ACLU Responds to ‘Not Guilty’ Verdict in Kyle Rittenhouse Case
KENOSHA, Wis. — The American Civil Liberties Union released the following statement after a jury decided that Kyle Rittenhouse was not guilty of the fatal shooting of two protestors and injuring of another in last year’s demonstrations following the shooting of Jacob Blake by a Kenosha Police Department officer last year:
Shaadie Ali, interim executive director of the ACLU of Wisconsin, stated:
“Despite Kyle Rittenhouse’s conscious decision to take the lives of two people protesting the shooting of Jacob Blake by police, he was not held responsible for his actions, something that is not surprising. But Kyle Rittenhouse isn’t the only one responsible for the deaths that night. The events in Kenosha stem from the deep roots of white supremacy in our society’s institutions. They underscore that the police do not protect communities of color in the same way they do white people.
“The situation also represents an outrageous failure to protect protesters by the Kenosha Police Department and the Kenosha County Sheriff’s Office. Months of research and open records requests have uncovered many incidents in which police enabled white militia members to become armed vigilantes in the street due to their failure to control the crowd. They also created an environment where protesters, many of whom were people of color, were not protected and treated as the enemy. At the same time, white militia members were welcomed with open arms. We need a system of public safety that protects the lives of the entire community.
“Rittenhouse’s trial highlights an urgent need for reform for both police and the criminal legal system. The system is broken, and it desperately needs to be fixed.”
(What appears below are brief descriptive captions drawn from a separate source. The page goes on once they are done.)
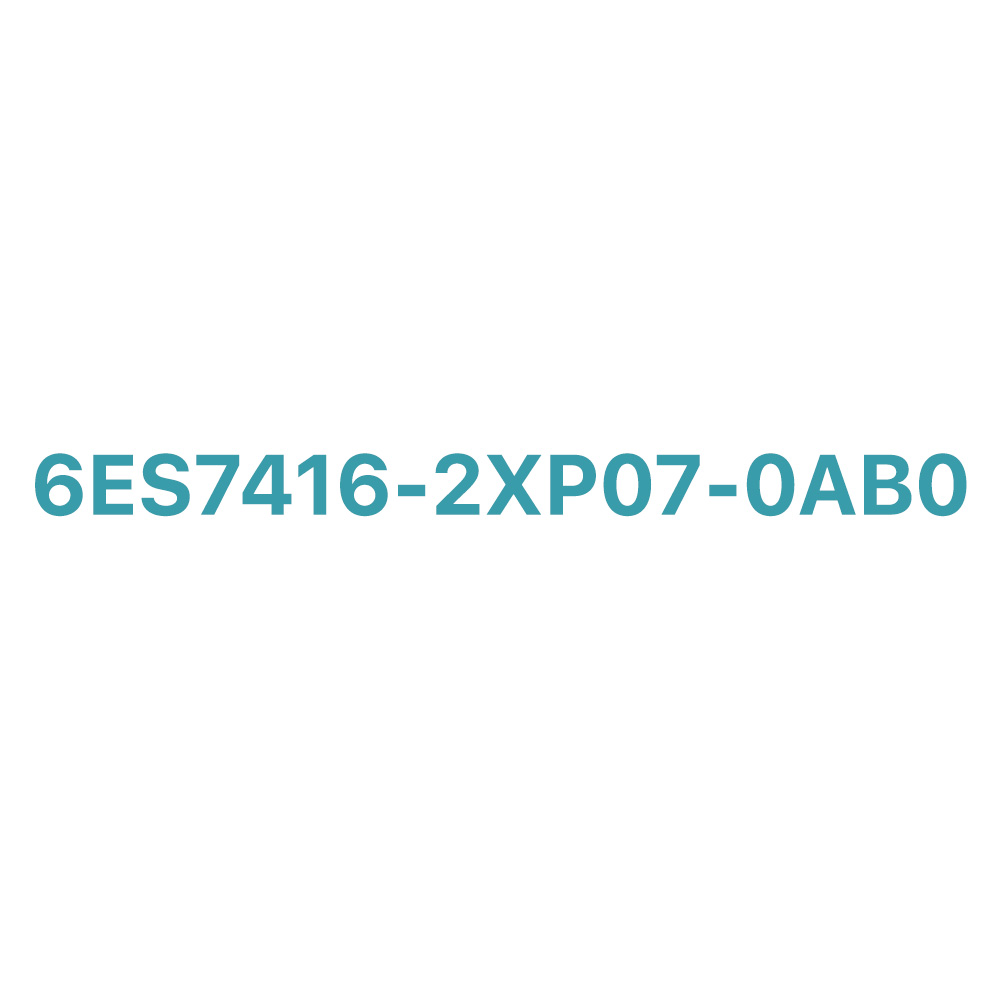 6ES7416-2XP07-0AB0 SIEMENS Exclusive SIMATIC S7-400 CPU 416-2 Central Processing Unit Original Brand New 4 6ES7416-2XP07-0AB0 SIEMENS SIMATIC S7-400 CPU 416-2 Central Processing Unit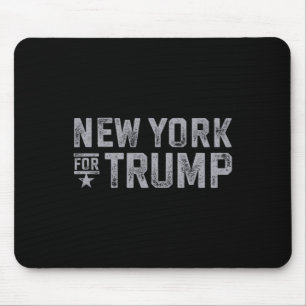 York For Trump 2024 New Yorkers Love Heart Trump Mouse Mat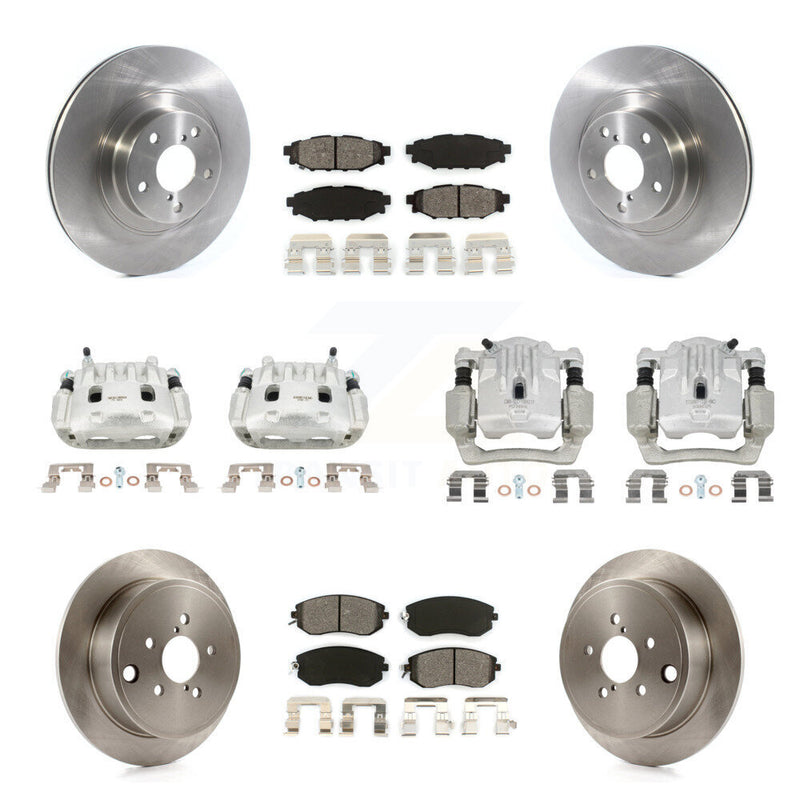 Transit Auto KC8-101037S Disc Brake Kit for 2013-2014 Subaru Legacy, Subaru Outback - Front and Rear product image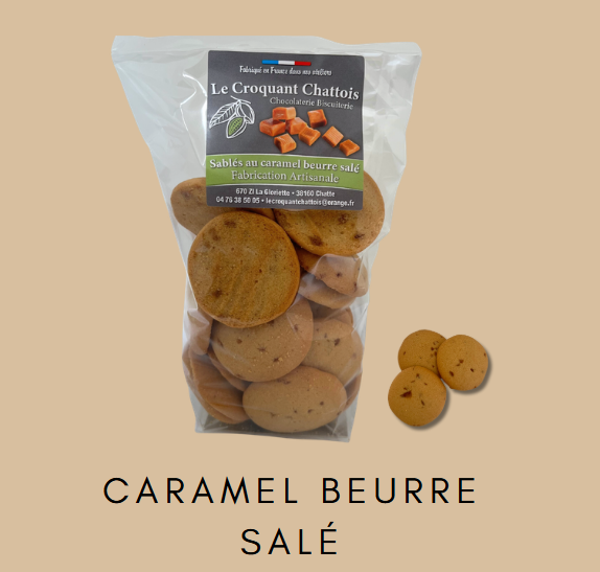 Sachet de sablé caramel beurre salé - 200g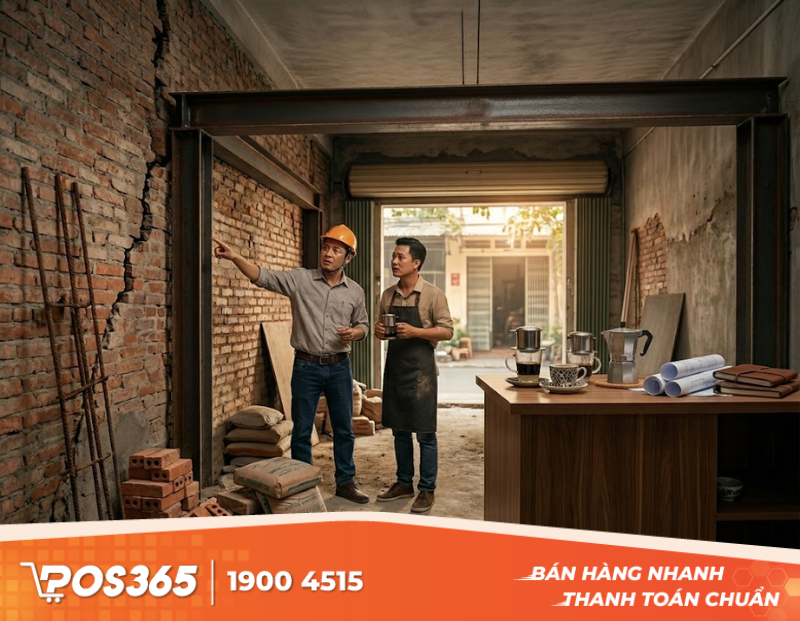 Cải tạo mặt bằng nhà ở cũ thành quán cafe: Đừng để sập bẫy kết cấu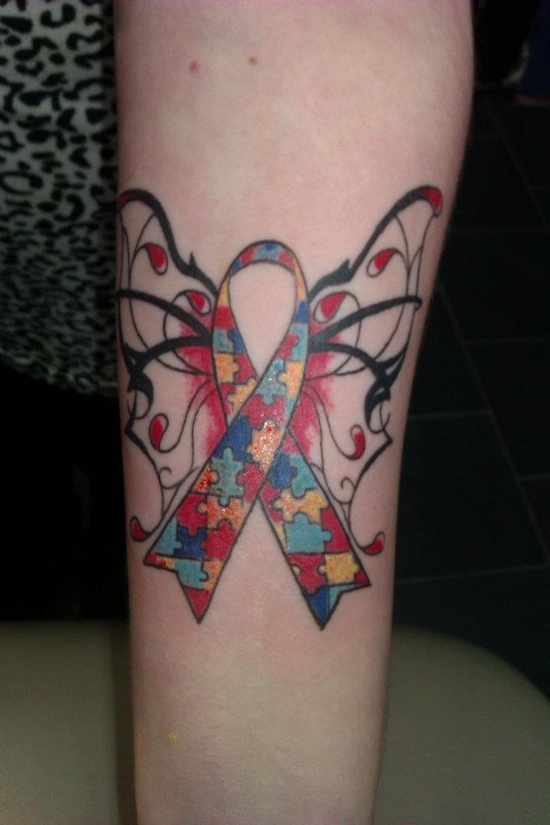 Autism tattoo designs and meanings design, idea 2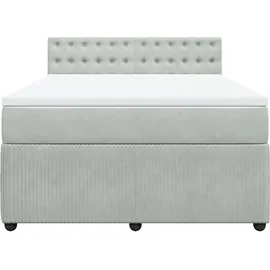 vidaXL Boxspringbett 140 x 200 cm Hellgrau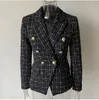 Suits Blazers Bayan Kadın Ofis Takım Ceketi Resmi Kıyafet Cepleri Sequins Hayvan Baskı Tasarım Lady Outwear artı S-XXL 22 Modeller İçin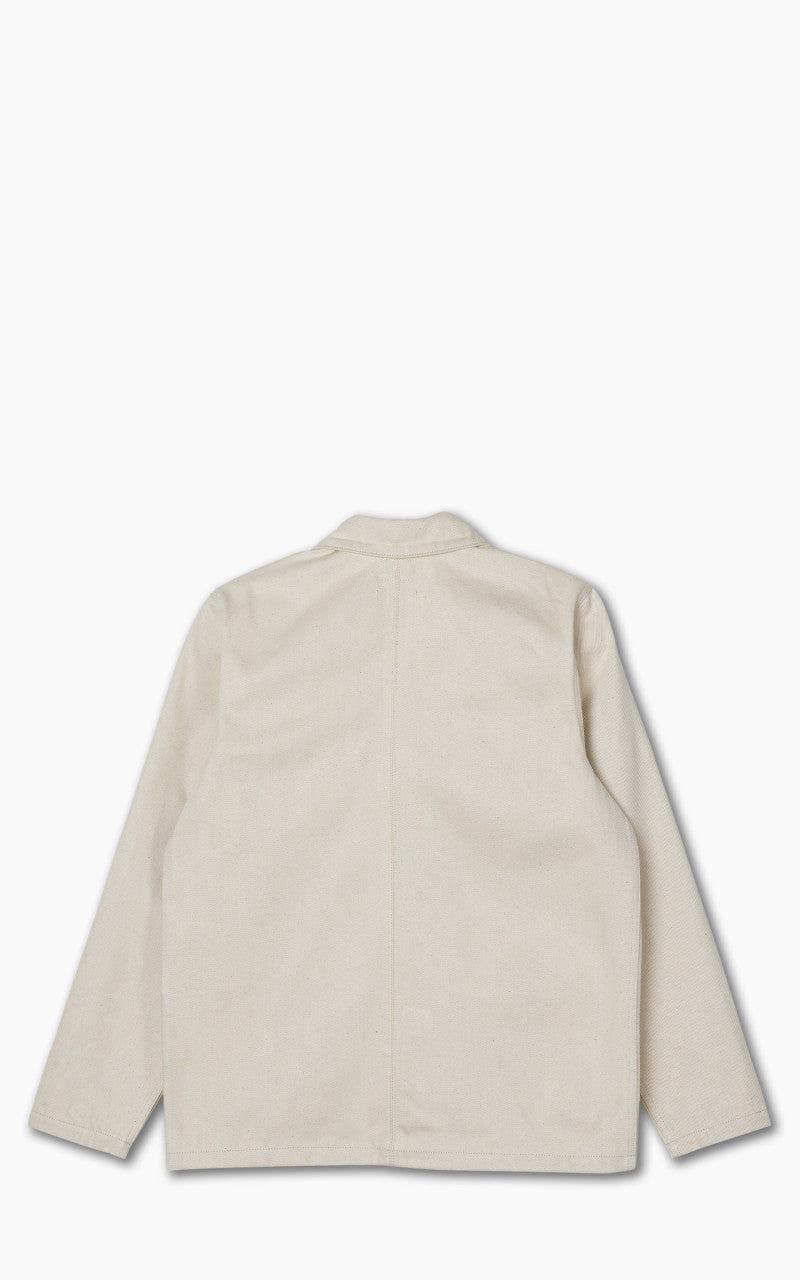 Benzak BWJ-01 Worker Jacket "Paint Roller" Selvedge Ecru 14oz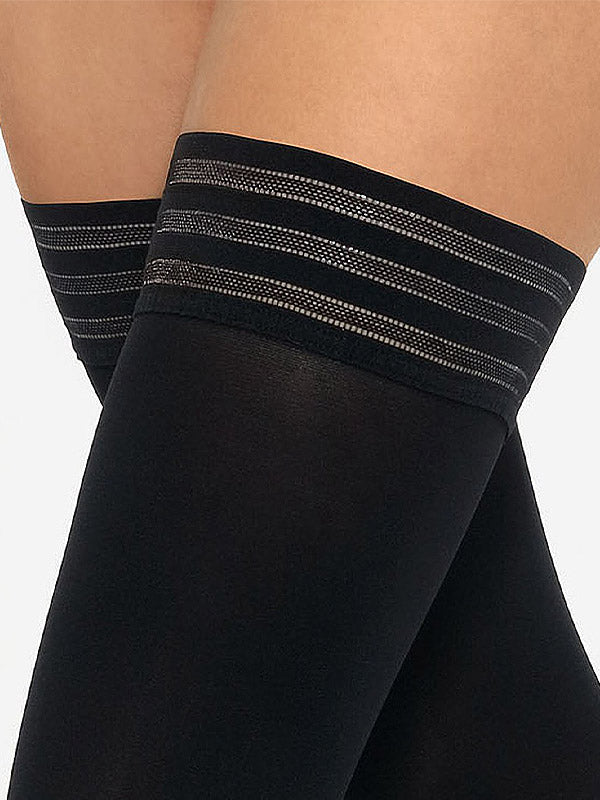 Gatta matinės neperregimos prilipinamos kojinės "Gigi 60 Den Black"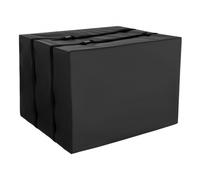 VEVOR Funda Protectora para Aire Acondicionado, 530 x 400 x 380 mm, Tejido de Poliéster Impermeable de Doble Capa, 2 Correas de Hombro Ajustables, Tamaño Universal para Uso en Exteriores, Negro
Brandon Buskey, director of the ACLU’s Criminal Law Reform Project, stated:
“Kyle Rittenhouse was a juvenile who traveled across state lines on a vigilante mission, was allowed by police to roam the streets of Kenosha with an assault rifle and ended up shooting three people and killing two. These are the simple, tragic facts. His acquittal comes after an ACLU investigation exposing how Kenosha law enforcement used violence against protesters and drove them toward white militia groups, in ways that escalated tensions and almost certainly led to these shootings.
“This complicity, along with the reason for the protests that Rittenhouse took it upon himself to confront — the police shooting of a Black man outside of a family function — highlights that the violence in Kenosha is not an anomaly, but rather endemic to a system built upon white supremacy.
“In Kenosha, we saw the police shoot a Black man in the back — in front of his children. When the community rose up to exercise their First Amendment right to protest, police enabled white supremacist militia members, which helped to spur rank vigilantism. The result of this failure was bloodshed, the loss of lives, and enduring trauma. It is far too easy to overlook the impact that violence in defense of white supremacy has on all of our communities. As we reimagine public safety, we need to create solutions that extend that safety to everyone — including those that have been systematically neglected and preyed upon.”